■ GIVEN INFORMATION ■
++++++

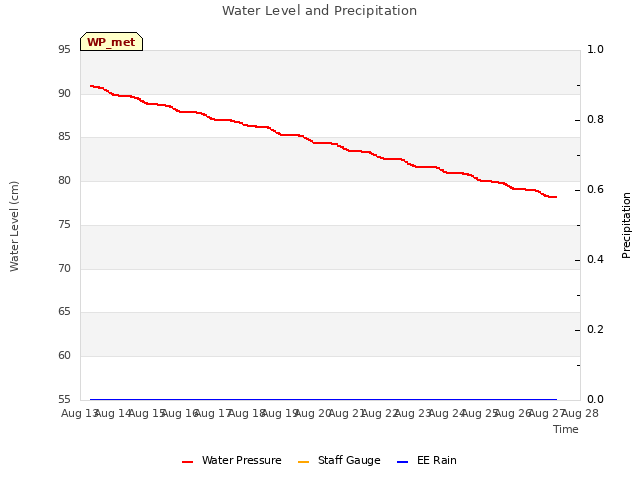 plot of Water Level and Precipitation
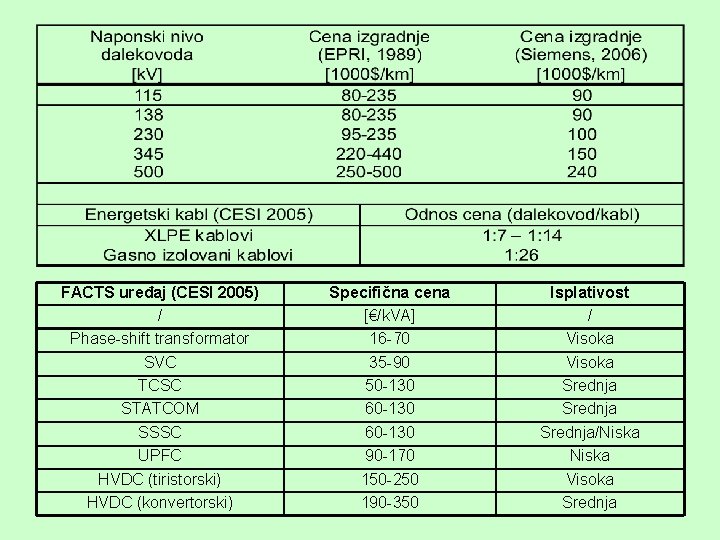 FACTS uređaj (CESI 2005) / Phase-shift transformator SVC TCSC STATCOM SSSC UPFC HVDC (tiristorski)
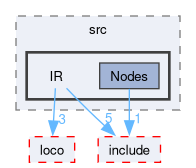 compiler/moco/lang/src/IR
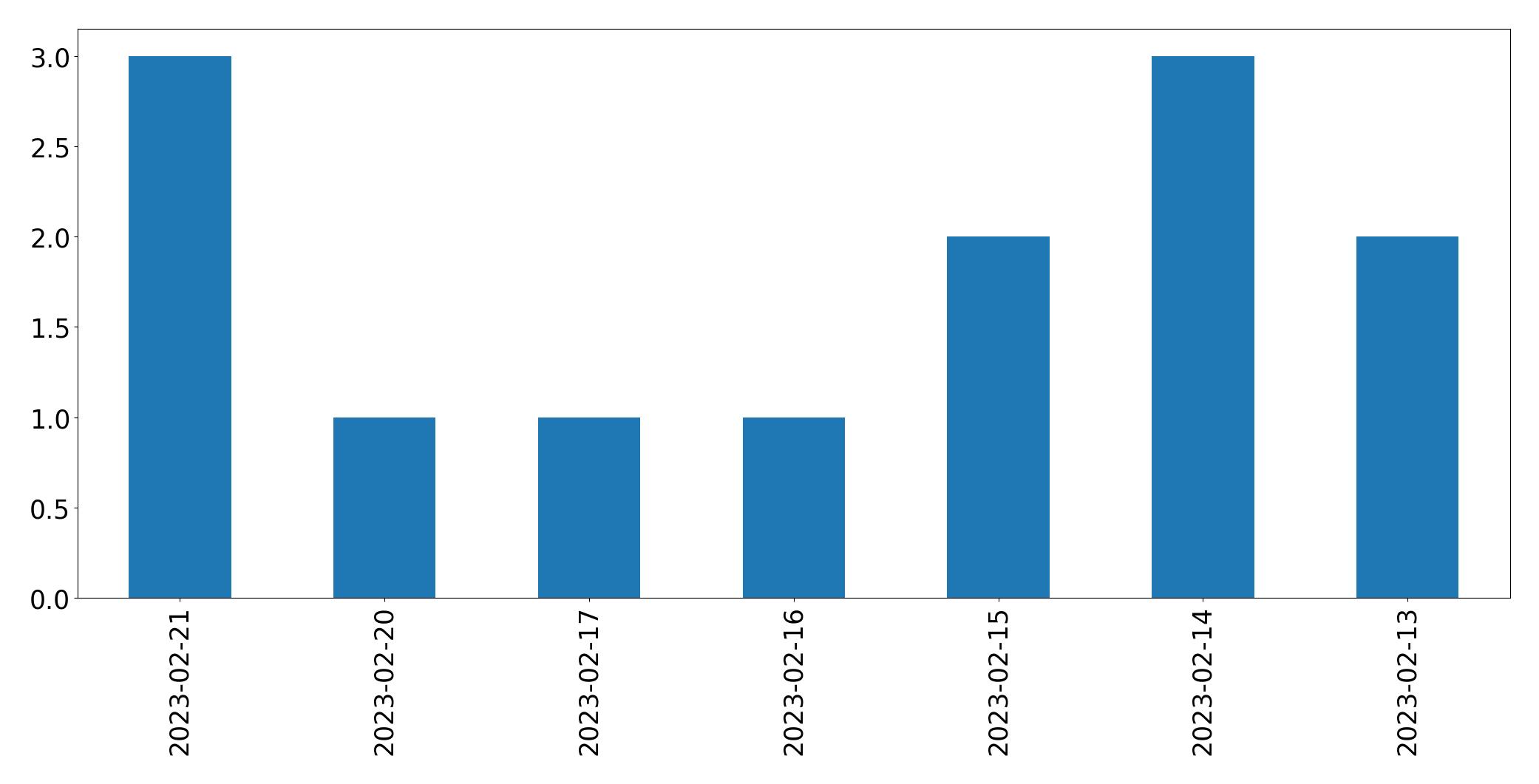 Gráfico de tweets por dia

++++++

■ WHAT TO PRODUCE ■
Reproduce the material above exactly but drop all images.

■ SOLUTION FOR THIS TASK ■
 plot of Water Level and Precipitation
 FACTS uređaj (CESI 2005) / Phase-shift transformator SVC TCSC STATCOM SSSC UPFC HVDC (tiristorski)
 compiler/moco/lang/src/IR
 Gráfico de tweets por dia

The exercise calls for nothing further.